**Prompt**
In the entries below, find each line bearing the string "Case" and copy it.

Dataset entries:

========================

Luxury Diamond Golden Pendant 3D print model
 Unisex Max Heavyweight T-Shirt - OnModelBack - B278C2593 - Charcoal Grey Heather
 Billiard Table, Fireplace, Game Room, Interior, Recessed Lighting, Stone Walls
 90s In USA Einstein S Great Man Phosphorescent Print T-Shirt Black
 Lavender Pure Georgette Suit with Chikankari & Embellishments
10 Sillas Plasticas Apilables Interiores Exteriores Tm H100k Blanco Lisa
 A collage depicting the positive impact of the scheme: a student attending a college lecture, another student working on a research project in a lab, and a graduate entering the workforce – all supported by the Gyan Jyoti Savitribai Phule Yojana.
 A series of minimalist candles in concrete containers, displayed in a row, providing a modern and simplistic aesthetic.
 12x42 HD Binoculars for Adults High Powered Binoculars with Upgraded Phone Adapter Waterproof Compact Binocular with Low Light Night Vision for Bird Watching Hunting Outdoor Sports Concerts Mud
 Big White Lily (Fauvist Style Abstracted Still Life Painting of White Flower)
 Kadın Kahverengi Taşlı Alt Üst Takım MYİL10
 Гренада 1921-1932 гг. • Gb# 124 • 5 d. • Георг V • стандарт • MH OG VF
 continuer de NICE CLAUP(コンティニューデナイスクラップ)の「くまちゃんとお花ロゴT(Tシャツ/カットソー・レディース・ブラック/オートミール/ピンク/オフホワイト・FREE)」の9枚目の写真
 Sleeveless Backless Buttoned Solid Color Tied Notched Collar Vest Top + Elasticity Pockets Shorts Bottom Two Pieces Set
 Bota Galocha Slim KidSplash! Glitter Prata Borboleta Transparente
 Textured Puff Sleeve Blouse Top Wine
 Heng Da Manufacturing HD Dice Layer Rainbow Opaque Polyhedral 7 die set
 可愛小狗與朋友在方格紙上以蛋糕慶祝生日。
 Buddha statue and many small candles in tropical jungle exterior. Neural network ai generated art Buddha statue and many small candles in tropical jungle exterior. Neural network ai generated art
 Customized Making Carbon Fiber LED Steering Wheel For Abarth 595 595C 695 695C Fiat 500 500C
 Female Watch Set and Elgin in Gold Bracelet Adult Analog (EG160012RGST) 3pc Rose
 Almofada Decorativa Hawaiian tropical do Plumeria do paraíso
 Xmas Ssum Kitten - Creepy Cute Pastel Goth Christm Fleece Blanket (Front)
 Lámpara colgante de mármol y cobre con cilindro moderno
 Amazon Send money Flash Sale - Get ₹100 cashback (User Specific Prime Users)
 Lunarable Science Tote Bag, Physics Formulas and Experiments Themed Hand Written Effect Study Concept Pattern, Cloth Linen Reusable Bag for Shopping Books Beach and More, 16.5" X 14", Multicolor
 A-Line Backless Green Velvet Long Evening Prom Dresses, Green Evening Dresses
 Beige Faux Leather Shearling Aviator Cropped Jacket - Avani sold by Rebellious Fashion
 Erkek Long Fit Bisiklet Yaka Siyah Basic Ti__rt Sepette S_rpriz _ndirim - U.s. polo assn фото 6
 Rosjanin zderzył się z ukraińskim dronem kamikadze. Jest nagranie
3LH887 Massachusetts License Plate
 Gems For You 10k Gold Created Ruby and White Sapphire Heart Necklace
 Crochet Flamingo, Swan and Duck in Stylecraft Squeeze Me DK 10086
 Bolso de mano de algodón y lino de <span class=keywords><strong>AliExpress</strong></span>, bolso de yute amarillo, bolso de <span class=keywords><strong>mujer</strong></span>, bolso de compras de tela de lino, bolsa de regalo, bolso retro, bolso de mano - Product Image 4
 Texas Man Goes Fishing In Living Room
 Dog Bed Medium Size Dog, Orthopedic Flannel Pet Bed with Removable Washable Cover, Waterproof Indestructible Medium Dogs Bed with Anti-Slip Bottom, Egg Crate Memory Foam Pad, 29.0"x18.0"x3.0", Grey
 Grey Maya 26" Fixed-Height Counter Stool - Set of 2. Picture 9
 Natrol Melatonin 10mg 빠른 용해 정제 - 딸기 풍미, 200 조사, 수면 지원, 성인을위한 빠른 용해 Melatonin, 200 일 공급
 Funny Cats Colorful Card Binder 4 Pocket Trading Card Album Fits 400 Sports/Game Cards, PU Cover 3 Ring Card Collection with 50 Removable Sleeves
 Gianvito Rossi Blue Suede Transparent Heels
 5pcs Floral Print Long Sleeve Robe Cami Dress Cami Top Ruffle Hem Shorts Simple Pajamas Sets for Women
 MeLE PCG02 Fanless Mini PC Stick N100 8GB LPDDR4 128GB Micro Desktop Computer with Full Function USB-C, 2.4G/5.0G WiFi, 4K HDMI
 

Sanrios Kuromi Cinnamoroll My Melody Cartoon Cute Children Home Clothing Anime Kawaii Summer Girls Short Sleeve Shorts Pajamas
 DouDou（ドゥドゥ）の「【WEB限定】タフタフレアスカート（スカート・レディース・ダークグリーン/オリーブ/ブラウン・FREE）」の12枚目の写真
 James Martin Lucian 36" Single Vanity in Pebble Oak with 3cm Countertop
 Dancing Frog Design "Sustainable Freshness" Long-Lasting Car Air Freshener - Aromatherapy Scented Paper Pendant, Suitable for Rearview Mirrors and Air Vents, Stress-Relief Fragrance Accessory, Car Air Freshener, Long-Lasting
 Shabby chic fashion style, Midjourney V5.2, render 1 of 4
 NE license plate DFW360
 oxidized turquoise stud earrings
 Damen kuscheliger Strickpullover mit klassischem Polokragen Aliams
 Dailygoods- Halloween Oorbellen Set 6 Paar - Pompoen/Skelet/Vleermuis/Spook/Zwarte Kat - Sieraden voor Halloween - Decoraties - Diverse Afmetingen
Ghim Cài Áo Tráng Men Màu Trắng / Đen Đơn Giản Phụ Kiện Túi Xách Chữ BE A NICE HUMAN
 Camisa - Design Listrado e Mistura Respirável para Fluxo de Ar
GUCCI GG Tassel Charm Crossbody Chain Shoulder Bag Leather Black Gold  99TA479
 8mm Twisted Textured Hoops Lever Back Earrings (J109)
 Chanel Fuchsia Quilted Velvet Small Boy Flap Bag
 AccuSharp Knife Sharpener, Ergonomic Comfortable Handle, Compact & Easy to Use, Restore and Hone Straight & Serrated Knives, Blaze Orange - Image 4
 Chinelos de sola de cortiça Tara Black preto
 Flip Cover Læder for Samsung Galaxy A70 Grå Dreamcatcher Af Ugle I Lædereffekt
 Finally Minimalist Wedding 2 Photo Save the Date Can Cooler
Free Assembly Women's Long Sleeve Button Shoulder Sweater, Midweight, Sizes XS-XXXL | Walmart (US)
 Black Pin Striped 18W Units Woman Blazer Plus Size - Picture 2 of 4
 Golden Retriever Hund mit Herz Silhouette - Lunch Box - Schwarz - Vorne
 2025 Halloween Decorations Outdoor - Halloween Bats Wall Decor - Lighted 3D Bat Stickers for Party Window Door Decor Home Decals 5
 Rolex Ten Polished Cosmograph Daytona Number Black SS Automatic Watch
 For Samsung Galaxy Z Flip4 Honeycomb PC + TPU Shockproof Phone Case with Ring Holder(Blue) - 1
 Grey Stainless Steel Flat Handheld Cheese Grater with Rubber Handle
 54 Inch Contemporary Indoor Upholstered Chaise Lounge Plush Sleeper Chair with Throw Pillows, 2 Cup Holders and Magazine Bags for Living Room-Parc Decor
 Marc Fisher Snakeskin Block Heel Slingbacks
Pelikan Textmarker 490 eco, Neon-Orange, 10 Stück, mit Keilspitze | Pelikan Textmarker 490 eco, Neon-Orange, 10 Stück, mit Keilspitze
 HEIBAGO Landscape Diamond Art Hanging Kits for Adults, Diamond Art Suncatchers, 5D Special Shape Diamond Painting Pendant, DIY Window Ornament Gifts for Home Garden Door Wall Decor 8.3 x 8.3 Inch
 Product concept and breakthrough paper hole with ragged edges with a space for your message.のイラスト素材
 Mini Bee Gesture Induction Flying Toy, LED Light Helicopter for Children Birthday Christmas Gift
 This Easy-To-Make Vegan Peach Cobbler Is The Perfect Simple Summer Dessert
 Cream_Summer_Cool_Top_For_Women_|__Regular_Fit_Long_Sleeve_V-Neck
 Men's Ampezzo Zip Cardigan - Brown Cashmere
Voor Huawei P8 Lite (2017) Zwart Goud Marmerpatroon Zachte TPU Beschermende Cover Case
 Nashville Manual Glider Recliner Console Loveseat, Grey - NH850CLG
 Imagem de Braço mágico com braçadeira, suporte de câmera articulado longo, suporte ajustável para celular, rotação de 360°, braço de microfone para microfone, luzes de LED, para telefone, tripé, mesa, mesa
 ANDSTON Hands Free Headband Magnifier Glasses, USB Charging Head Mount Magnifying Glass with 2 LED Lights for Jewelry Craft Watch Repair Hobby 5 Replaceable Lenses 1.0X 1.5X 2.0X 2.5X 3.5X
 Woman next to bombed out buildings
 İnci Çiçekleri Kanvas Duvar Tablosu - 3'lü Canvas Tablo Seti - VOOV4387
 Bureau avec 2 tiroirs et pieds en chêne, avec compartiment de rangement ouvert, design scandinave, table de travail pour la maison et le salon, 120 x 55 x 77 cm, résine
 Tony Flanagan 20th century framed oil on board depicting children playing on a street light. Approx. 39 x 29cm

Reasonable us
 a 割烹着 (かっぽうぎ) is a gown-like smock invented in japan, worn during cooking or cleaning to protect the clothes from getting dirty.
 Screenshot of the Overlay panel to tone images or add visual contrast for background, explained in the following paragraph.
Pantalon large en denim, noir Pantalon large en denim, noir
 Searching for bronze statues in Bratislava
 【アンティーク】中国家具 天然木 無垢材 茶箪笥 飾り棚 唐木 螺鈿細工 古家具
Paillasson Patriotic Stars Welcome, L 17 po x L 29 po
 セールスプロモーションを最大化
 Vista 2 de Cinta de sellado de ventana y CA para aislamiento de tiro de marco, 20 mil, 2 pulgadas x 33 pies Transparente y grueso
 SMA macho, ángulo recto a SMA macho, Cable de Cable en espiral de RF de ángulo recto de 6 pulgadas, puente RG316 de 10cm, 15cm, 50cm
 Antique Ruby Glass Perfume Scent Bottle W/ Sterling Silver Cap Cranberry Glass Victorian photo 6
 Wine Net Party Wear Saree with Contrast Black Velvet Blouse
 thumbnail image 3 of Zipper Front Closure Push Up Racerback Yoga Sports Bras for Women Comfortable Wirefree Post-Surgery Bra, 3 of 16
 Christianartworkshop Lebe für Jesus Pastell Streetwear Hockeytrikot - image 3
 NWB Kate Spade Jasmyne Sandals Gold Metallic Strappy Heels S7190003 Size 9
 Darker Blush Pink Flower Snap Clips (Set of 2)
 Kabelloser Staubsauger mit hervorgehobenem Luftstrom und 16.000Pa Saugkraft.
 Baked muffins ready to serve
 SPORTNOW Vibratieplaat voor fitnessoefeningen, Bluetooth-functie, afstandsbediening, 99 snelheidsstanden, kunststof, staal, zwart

========================

**Written solution**
 For Samsung Galaxy Z Flip4 Honeycomb PC + TPU Shockproof Phone Case with Ring Holder(Blue) - 1
Voor Huawei P8 Lite (2017) Zwart Goud Marmerpatroon Zachte TPU Beschermende Cover Case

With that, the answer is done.